▶ _The data_:
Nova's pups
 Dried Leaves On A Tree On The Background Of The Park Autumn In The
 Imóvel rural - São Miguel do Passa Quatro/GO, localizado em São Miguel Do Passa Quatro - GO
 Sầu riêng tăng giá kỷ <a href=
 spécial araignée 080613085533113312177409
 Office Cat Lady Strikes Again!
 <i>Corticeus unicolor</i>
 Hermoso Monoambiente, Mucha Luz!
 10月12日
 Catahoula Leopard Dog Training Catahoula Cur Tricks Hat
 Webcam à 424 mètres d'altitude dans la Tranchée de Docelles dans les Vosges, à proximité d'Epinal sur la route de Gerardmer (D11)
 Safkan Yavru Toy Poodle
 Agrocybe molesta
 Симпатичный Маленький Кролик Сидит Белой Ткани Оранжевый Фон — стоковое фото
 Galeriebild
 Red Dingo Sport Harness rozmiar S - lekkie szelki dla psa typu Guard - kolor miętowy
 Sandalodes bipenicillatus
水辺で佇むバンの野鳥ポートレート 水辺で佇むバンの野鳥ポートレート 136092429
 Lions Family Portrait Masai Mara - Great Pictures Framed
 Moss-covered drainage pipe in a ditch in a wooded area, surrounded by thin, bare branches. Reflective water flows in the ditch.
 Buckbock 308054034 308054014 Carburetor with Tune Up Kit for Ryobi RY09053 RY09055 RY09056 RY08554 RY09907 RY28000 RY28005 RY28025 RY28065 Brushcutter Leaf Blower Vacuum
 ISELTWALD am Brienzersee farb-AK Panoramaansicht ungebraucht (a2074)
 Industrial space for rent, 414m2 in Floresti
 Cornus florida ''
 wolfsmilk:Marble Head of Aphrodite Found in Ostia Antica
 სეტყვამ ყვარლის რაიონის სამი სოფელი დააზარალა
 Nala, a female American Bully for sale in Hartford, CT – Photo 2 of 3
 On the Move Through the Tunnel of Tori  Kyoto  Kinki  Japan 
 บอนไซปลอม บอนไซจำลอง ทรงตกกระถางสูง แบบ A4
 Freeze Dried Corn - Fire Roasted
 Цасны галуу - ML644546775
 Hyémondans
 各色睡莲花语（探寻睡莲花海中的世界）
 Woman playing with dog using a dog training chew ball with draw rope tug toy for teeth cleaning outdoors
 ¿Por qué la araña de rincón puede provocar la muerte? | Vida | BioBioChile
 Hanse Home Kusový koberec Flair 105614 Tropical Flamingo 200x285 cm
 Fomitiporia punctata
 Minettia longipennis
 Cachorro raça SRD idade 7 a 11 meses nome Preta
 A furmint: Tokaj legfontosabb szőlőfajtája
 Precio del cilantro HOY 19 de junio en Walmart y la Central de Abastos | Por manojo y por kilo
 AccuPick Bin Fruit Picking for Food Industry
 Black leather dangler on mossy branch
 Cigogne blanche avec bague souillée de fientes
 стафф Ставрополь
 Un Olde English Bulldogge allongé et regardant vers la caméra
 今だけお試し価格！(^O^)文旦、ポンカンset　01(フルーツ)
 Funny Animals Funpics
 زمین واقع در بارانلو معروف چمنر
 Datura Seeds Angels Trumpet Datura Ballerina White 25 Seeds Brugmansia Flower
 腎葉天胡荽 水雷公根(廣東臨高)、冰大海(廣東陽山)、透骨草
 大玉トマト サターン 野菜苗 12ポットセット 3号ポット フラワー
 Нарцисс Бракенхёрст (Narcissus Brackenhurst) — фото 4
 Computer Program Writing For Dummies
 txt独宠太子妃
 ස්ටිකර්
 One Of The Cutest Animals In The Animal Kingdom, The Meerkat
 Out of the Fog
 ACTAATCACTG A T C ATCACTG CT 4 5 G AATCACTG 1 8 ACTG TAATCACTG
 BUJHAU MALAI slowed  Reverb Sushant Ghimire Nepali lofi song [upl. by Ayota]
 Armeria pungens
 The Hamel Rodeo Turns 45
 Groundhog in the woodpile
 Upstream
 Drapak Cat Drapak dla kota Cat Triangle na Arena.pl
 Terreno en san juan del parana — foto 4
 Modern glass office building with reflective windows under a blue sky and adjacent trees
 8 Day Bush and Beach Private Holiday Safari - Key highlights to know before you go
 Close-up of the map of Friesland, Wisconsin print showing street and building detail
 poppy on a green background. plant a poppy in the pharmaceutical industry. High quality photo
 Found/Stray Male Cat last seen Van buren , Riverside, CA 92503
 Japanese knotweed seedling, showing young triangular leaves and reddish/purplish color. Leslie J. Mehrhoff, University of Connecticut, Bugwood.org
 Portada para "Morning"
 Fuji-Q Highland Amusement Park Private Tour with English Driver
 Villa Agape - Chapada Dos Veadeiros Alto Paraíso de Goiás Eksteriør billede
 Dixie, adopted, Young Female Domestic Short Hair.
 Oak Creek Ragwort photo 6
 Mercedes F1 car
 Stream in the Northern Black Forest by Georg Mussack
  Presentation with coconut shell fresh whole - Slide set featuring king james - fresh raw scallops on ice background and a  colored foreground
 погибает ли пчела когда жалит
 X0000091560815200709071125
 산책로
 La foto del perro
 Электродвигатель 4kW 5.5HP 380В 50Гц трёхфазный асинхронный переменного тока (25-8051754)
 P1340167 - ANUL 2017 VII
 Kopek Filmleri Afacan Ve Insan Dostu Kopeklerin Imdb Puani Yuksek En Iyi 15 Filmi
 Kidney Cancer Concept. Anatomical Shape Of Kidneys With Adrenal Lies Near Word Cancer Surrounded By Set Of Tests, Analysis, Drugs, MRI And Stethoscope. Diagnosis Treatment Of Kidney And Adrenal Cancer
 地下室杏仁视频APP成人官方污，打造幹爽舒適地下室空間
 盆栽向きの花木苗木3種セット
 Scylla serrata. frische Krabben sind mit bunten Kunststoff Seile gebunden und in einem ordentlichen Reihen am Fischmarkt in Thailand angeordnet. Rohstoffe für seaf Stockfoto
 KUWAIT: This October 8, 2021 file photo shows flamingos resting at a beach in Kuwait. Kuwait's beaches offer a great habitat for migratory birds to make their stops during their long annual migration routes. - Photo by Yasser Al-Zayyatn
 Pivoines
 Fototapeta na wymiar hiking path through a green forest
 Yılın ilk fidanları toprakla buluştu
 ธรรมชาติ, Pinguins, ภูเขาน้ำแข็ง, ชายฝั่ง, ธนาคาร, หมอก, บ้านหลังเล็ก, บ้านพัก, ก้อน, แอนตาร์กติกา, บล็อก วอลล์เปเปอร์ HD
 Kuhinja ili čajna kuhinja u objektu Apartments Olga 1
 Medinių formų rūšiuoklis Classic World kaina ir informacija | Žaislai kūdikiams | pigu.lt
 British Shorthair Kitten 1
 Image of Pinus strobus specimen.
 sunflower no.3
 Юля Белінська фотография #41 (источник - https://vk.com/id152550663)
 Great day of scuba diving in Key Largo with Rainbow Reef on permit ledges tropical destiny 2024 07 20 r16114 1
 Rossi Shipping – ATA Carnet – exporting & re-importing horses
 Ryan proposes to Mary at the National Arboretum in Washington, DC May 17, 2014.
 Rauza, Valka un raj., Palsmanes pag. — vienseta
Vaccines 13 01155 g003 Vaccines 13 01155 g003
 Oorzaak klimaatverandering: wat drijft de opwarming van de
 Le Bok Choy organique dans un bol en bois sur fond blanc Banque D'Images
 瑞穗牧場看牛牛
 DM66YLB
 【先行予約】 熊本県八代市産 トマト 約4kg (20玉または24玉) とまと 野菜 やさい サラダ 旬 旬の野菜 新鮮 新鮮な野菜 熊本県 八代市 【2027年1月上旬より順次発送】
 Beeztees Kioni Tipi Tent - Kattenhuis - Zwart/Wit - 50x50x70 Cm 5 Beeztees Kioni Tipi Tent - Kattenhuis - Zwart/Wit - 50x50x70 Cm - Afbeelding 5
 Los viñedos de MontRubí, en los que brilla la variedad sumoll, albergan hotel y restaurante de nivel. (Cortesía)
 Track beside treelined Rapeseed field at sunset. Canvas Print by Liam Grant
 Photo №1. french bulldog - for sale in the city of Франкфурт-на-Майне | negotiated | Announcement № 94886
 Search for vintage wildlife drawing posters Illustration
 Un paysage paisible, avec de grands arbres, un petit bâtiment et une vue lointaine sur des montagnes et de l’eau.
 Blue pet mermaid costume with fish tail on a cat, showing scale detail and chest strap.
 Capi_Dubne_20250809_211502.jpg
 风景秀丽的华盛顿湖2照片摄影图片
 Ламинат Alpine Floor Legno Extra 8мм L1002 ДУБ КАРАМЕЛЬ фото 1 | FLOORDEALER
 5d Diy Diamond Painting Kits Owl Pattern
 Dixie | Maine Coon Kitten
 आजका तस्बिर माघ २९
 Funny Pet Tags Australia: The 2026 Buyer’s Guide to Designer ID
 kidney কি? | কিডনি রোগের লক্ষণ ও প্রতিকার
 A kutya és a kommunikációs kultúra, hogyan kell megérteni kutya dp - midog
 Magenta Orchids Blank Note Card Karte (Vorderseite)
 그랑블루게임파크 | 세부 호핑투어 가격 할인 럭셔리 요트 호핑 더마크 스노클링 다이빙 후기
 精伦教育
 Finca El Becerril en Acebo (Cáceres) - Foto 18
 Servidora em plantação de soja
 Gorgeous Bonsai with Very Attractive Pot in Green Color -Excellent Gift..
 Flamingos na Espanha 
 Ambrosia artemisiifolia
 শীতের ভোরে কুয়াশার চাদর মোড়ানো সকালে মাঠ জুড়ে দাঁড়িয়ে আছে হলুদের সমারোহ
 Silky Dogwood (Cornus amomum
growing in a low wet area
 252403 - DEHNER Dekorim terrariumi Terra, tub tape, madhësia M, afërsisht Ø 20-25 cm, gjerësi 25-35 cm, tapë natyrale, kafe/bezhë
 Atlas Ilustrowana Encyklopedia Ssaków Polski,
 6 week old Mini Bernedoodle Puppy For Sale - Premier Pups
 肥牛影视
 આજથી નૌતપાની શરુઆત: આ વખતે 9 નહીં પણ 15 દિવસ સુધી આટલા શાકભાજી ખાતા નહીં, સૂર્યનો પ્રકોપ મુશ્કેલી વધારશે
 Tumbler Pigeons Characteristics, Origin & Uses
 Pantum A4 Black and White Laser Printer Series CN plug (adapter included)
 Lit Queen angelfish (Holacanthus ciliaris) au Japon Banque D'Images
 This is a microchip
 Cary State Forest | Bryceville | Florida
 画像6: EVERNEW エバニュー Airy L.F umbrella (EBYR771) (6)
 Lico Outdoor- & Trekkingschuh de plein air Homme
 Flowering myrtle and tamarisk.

▶ _Exercise description_: Wherever "Kitten" appears in a line of the entries, copy that line.

▶ _Your solution_:
 British Shorthair Kitten 1
 Dixie | Maine Coon Kitten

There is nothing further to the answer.